WORK ORDER → Among the entries below, only the lines from the one with "Hi guys and" through the one with "All herbs in" are to be retyped, exactly and without pictures.

EXTRACTED RECORDS →
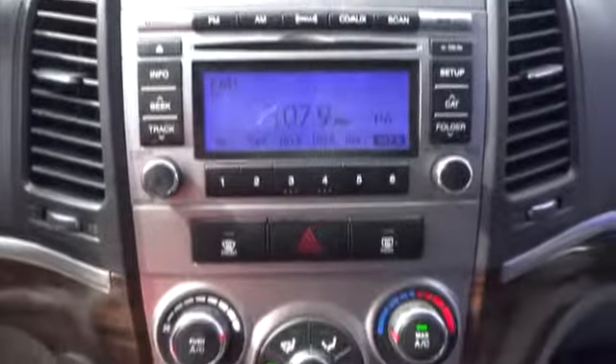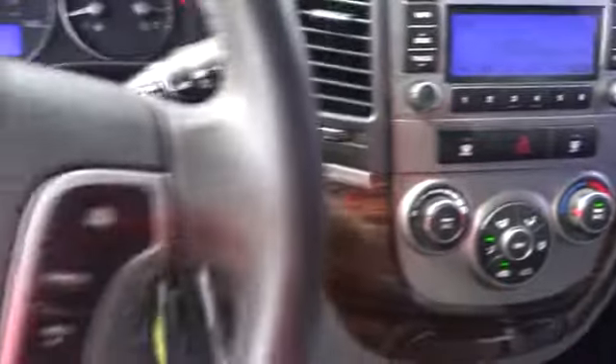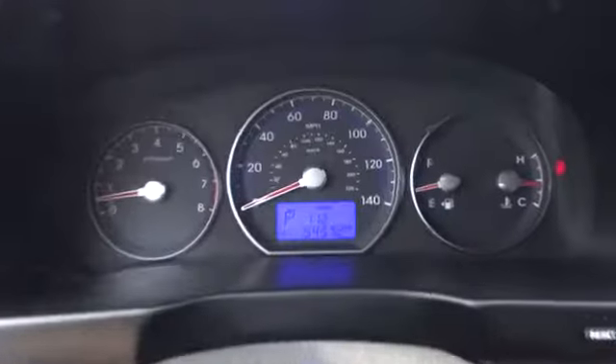Auto dimming rear view mirror, PPO, FWD, AM FM stereo radio, rear defrost, trip computer, fog lamp, CD player, power windows.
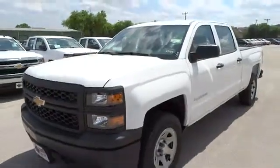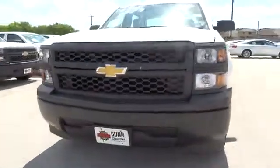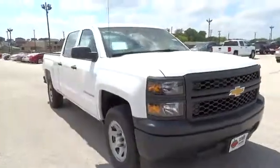The 2014 Silverado 1500. The Chevy Silverado 1500 has the lowest cost of ownership of any full-size pickup. This vehicle has less than 100 miles.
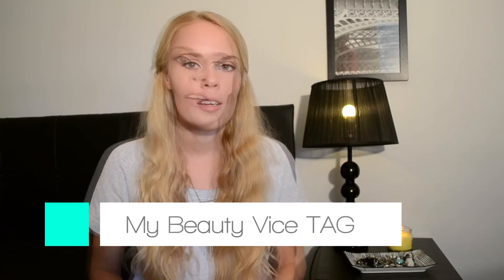Hi guys and welcome back to my channel. Today I am really excited to do this video because I am going to start off a new beauty tag that I created, and I call it My Beauty Vice Tag. I don't know if there is something similar like this out there on YouTube, but I have come up with five fun easy questions, so let's begin.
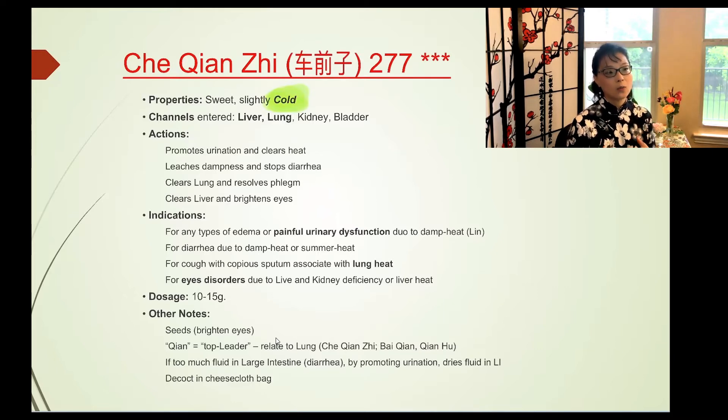All herbs in the Lin syndrome class are cold in nature, because Lin syndrome is caused by damp heat and you need cold herbs to counter it. Che Qian Zi goes to the liver, lung, kidney, and bladder meridians. It promotes urination, clears heat, leaches out dampness, stops diarrhea, clears Lin syndrome, resolves phlegm, and brightens the eyes through the liver meridian.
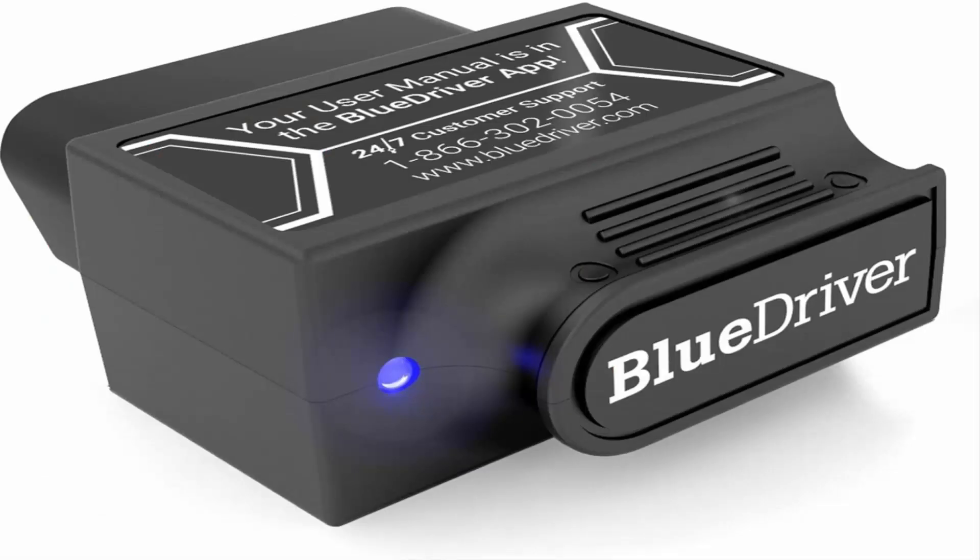Number 2: BlueDriver Bluetooth Pro OBD2 Scan Tool for iPhone and Android. Read and clear your check engine light and all other vehicle systems. Get unlimited free vehicle-specific repair reports generated from a database of millions of fixes verified by ASE Certified Mechanics. As easy to use as a code reader with all the capabilities of an expensive handheld scan tool, plus the benefits of your smartphone or tablet: free app updates, portability, saving data, and interactive graphing of live data. Officially licensed and certified for Apple and Android devices. The BlueDriver app and BlueDriver sensor work exclusively with each other to ensure quality. BlueDriver is the professional OBD2 diagnostic scan tool trusted by mechanics and developed by professional engineers in North America.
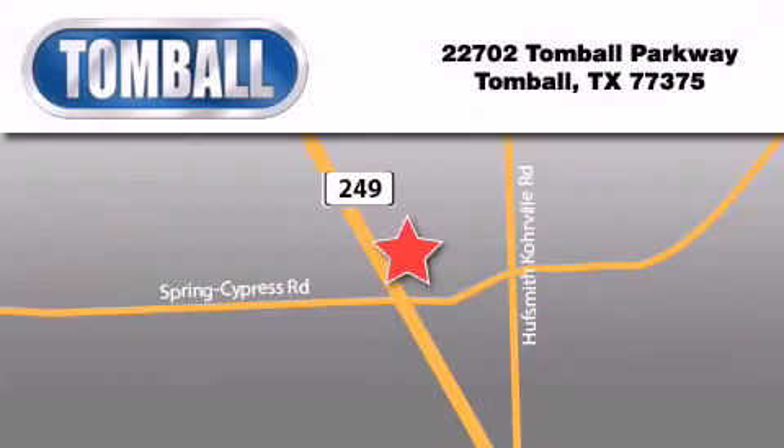Tomball Ford is located at 22702 Tomball Parkway in Tomball. Our goal is to exceed all of your expectations to ensure that you'll return for future visits.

ANSWER BOX →
Hi guys and welcome back to my channel. Today I am really excited to do this video because I am going to start off a new beauty tag that I created, and I call it My Beauty Vice Tag. I don't know if there is something similar like this out there on YouTube, but I have come up with five fun easy questions, so let's begin.
All herbs in the Lin syndrome class are cold in nature, because Lin syndrome is caused by damp heat and you need cold herbs to counter it. Che Qian Zi goes to the liver, lung, kidney, and bladder meridians. It promotes urination, clears heat, leaches out dampness, stops diarrhea, clears Lin syndrome, resolves phlegm, and brightens the eyes through the liver meridian.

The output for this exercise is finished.